Papst: Iraker haben "das Recht, in Frieden zu leben"
Papst Franziskus hat seinen Besuch im Irak abermals als Bußpilgerfahrt bezeichnet. "Ich konnte mich diesem gemarterten Volk und dieser Kirche der Märtyrer nicht nähern, ohne im Namen der katholischen Kirche das Kreuz auf mich zu nehmen, das sie seit Jahren tragen", sagte er am Mittwoch bei seiner wöchentlichen Videoansprache im Vatikan. In der Rede ließ der Papst noch einmal die viertägige Reise Revue passieren.
Das irakische Volk, so der Papst weiter, habe "das Recht, in Frieden zu leben und die ihm zustehende Würde wiederzufinden". Dabei erinnerte er an das jahrtausendealte kulturelle Vermächtnis der Region: Mesopotamien als "Wiege der Kultur", Bagdad, das "über Jahrhunderte die reichste Bibliothek der Welt beherbergte". Das alles habe der Krieg zerstört. "Immer ist der Krieg das Monster, das sich im Wandel der Zeiten verändert und die Menschheit verschlingt", so Franziskus.
Die Antwort auf Krieg seien aber nicht noch mehr Waffen, sondern Geschwisterlichkeit, betonte der Papst. Diese zu schaffen, sei nicht nur die entscheidende Herausforderung für den Irak, sondern für viele Konfliktregionen - "ja die ganze Welt". Als Beispiel dafür dankte der Papst den Christen und Muslimen in Mossul und Karakosch, die gemeinsam zerstörte Moscheen und Kirchen wiederaufbauen.
An die Christen gewandt, die den Irak verlassen haben, sagte Franziskus: "Ihr habt wie Abraham alles verlassen; wie er bewahrt euch den Glauben und die Hoffnung, und seid Zeugen von Freundschaft und Geschwisterlichkeit - wo immer ihr seid."
Arabien-Bischof: Papstreise war mehr als nur Symbol
Der für Arabien zuständige katholische Bischof Paul Hinder (78) erwartet, dass die Irak-Reise des Papstes für den Frieden in dem Krisenland "mehr als nur symbolischen Wert" haben wird. "Der Besuch machte sichtbar, dass die Menschen am Euphrat und am Tigris sich genauso nach einem gerechten Frieden und gegenseitigem Auskommen sehnen wie die Menschen in anderen Teilen der Welt", sagte Hinder im Interview des Schweizer Portals "kath.ch".
Der Papst habe die klare Botschaft verkündet, dass alle Menschen trotz unterschiedlicher Religionen und Ethnien als Brüder und Schwestern handeln sollten. "In dieser Tatsache liegt ein verbindlicher Auftrag an alle. Die Botschaft ist gehört worden, über sie wird berichtet." Das Medieninteresse an Franziskus' viertägiger Irak-Reise sei in der Region sehr groß gewesen, sagte Hinder, der seinen Amtssitz in Abu Dhabi hat.

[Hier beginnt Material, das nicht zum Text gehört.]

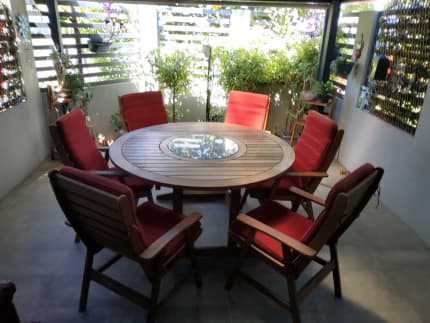 Gumtree outdoor dining online table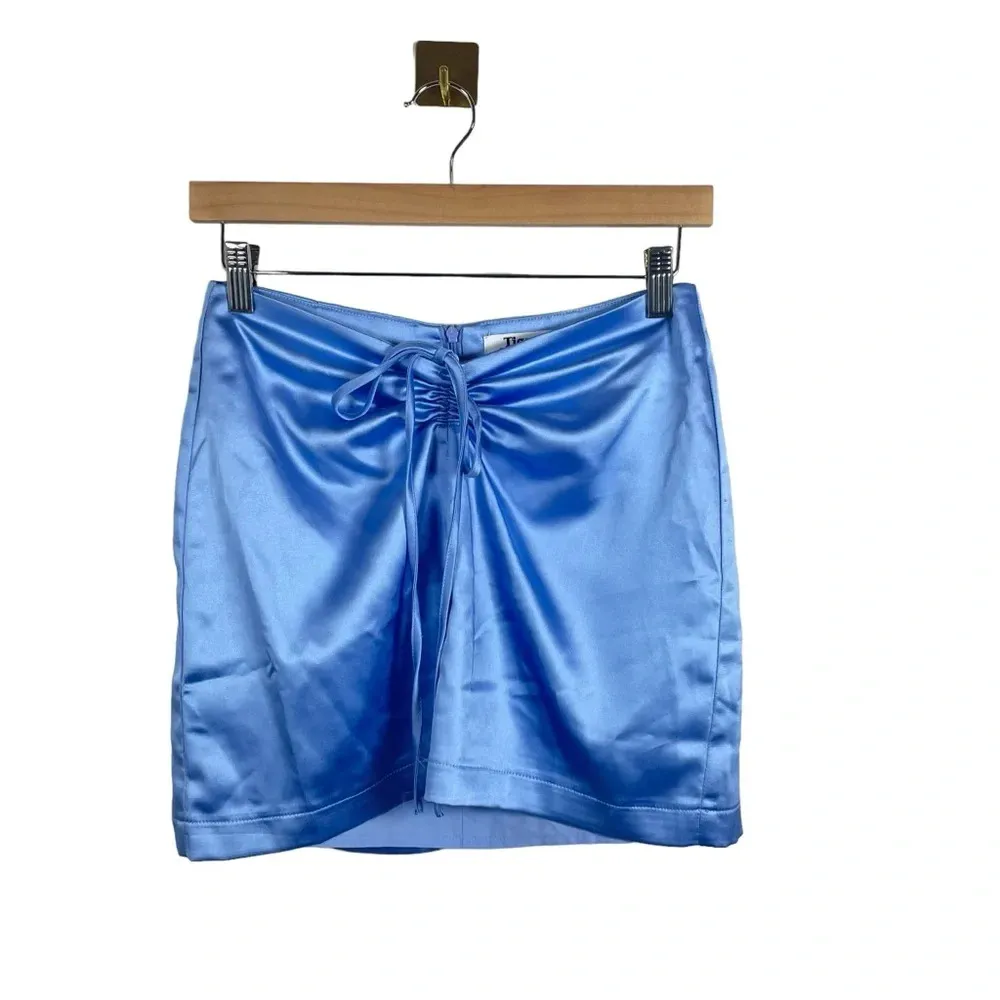 NWOT Tiger Mist Satin Mini Skirt in Baby Blue Size S - Image 6
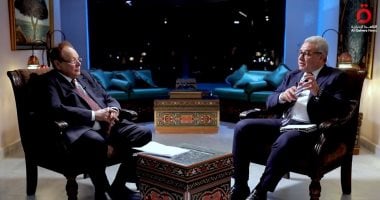 علي ناصر محمد يؤكد انتصار الجبهة القومية على الخلافات ونجاح ثورة الجنوب بدعم مصر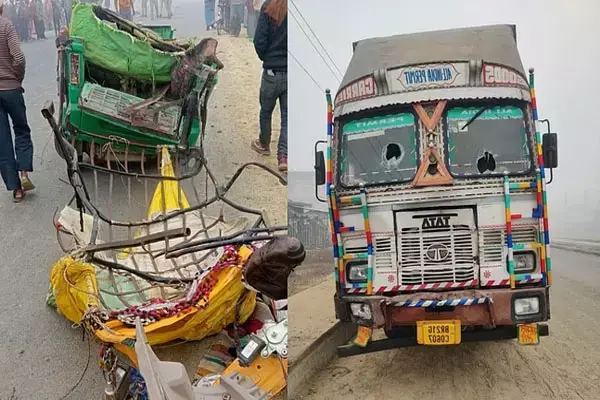UP News; भीषण सड़क हादसे में 12 की मौत: तेज रफ़्तार ट्रक ने टैक्सी को मारी टक्कर, महिलाओं बच्चे सहित 12 श्रद्धालुओं की गई जान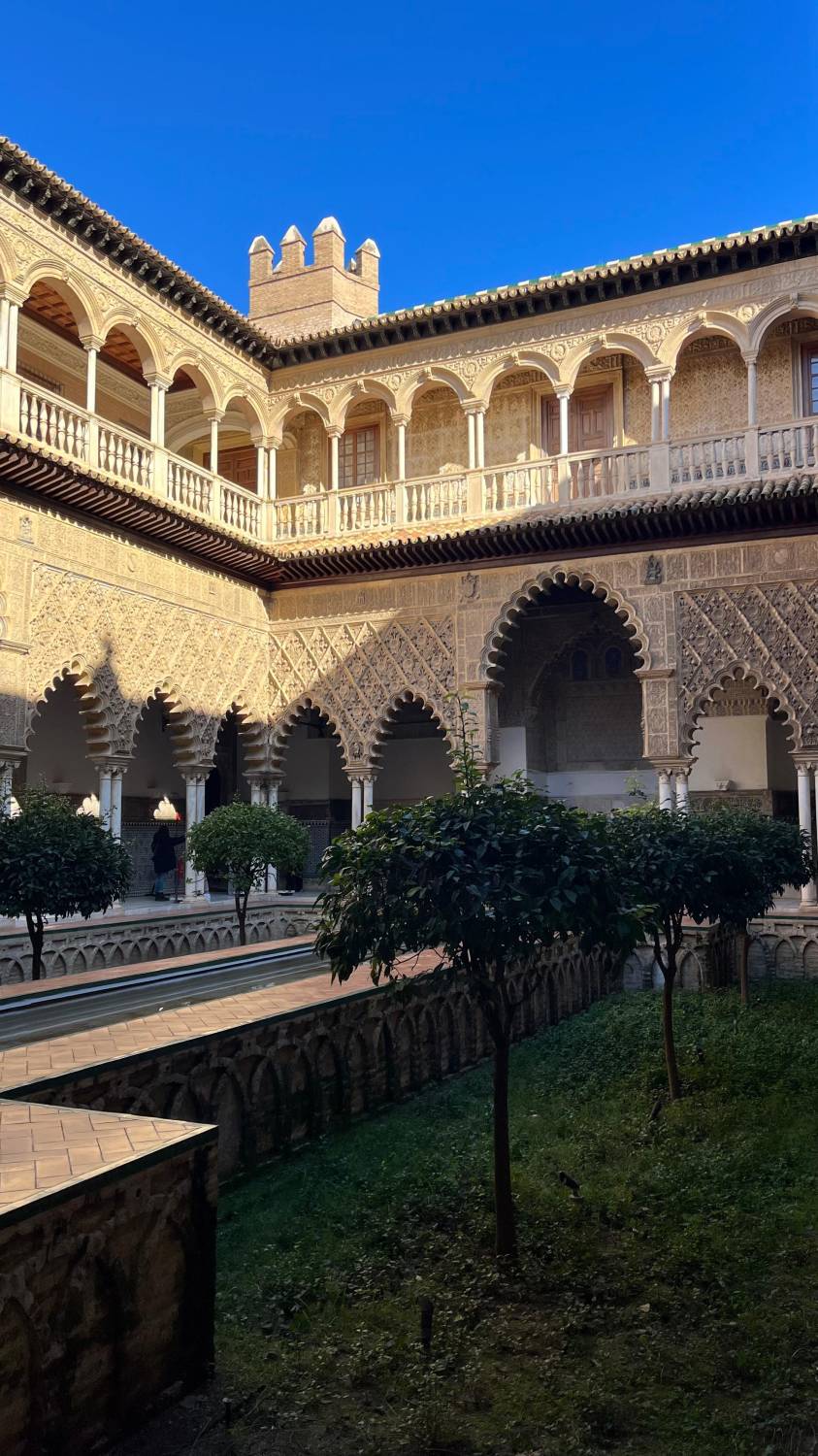 &laquo;الأندلس&raquo; تناديك.. عندما يأخذنا الحلم بين قصور الحمراء وأشجار قرطبة وعشق الفلامنكو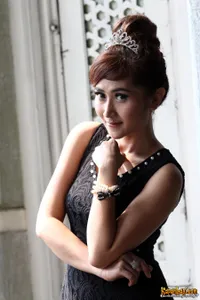 Foto Ratu Dewi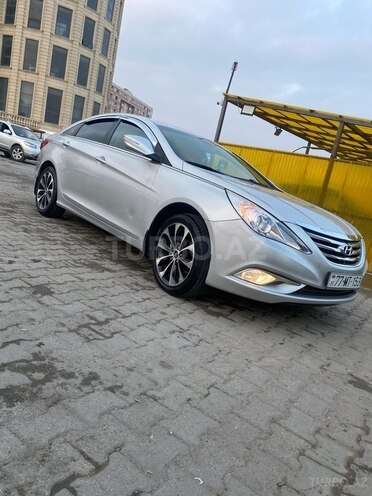 Hyundai Sonata-10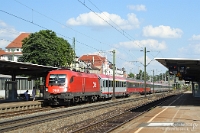 WM-Sommer  Zur WM 2006 in Deutschland herrschte wochenlang bestes Sommerwetter. Im Filstal hielt in dieser Zeit der Taurus Einzug, der die planmäßige 120 am EC 114 "Wörthersee" vertreten durfte. Gerade einmal knapp acht Monate im Dienst war  1116 270 , als ich ihr am 3. Juli 2006 im Bahnhof Esslingen auflauerte. Zu dieser Zeit hatte sich die neue Lackierung der Wagen bereits weitgehend durchgesetzt, doch immerhin zwei Wagen trugen noch das alte ÖBB-Farbschema - rückblickend ist das für mich die größere Besonderheit. Zwanzig Jahre später ist die 120 längst Geschichte, während man dem formschönen Taurus immer wieder begegnet.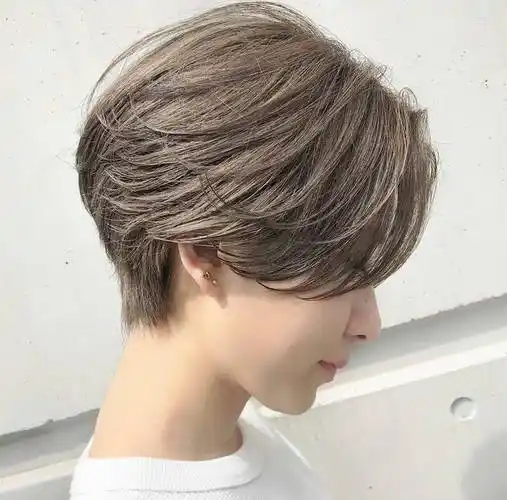 好看的露耳短发
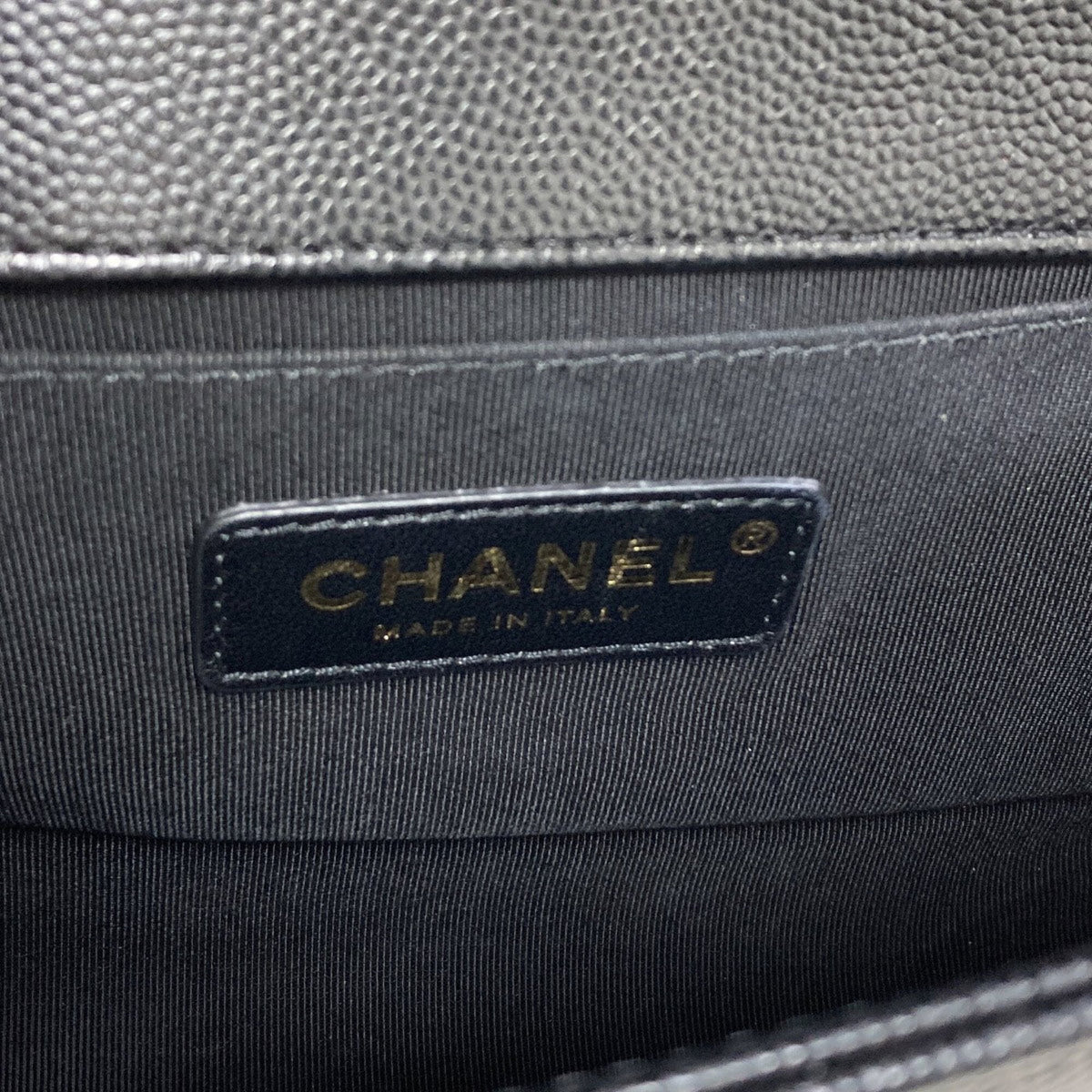 Chanel Black Leather Shoulder Bag (Pre-Owned)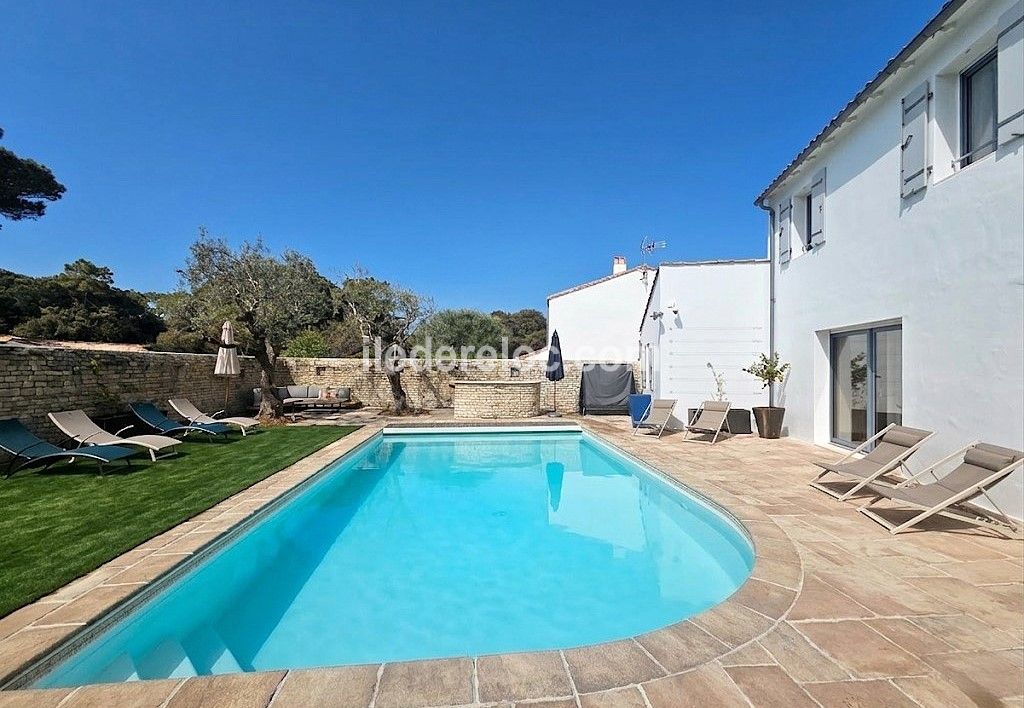 Photo 4: An accomodation located in La Couarde-sur-mer on ile de R&eacute;.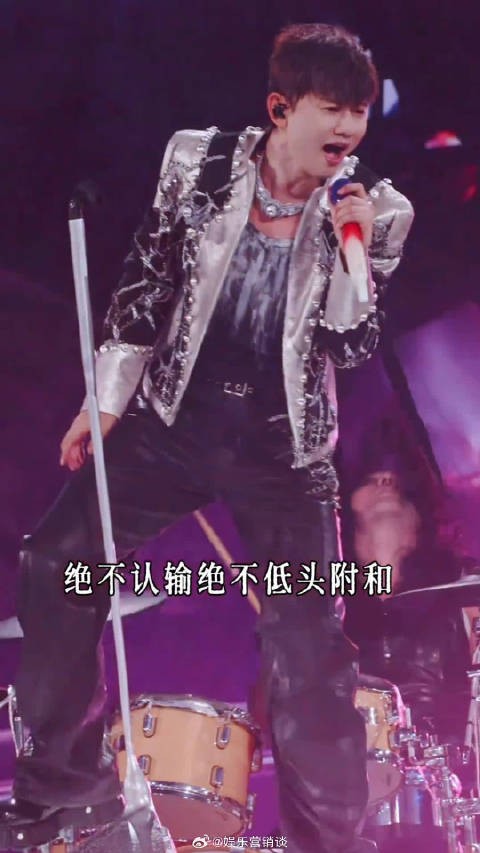 时光列车停靠中原大地,张杰郑州国庆演唱会,万人齐唱,歌声点亮郑州的秋夜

Interreligiöse Verständigung
Der Bischof hob das vom Papst am Samstag geleitete interreligiöse Treffen im südirakischen Ur hervor, nach der Überlieferung die Heimat Abrahams, den Juden, Christen und Muslime gleichermaßen als Stammvater verehren. "Auch wenn man aufpassen muss, Abraham nicht in ungebührlicher Weise zu einem interreligiösen Übervater hochzustilisieren, so hat doch der Besuch des Papstes in Ur gezeigt, dass dort ein Wurzelgrund besteht, dessen Potenzial noch vermehrt ausgeschöpft werden kann", sagte Hinder.
Damit und mit dem Besuch beim schiitischen Großajatollah Ali al-Sistani habe Franziskus an seine Initiative von Abu Dhabi angeknüpft. Dort hatte der Papst 2019 gemeinsam mit dem sunnitischen Gelehrten und Großscheich der Kairoer Al-Azhar-Universität, Ahmad al-Tayyib, einem Sunniten, die "Erklärung über die Geschwisterlichkeit aller Menschen" unterzeichnet. Nun sei es wichtig, so Hinder, dass sich noch mehr hochrangige Vertreter der Religionen dem Bemühen von Papst Franziskus um interreligiöse Verständigung anschlössen. "Und dass die Gläubigen an der Basis ihrem Beispiel folgen und aufeinander zugehen." Die Entwicklung der interreligiösen Verständigung brauche aber Zeit.
Hinder, Kapuziner aus der Schweiz, ist Apostolischer Vikar für Südarabien. Seit April 2020 betreut er zudem das Apostolische Vikariat Nördliches Arabien.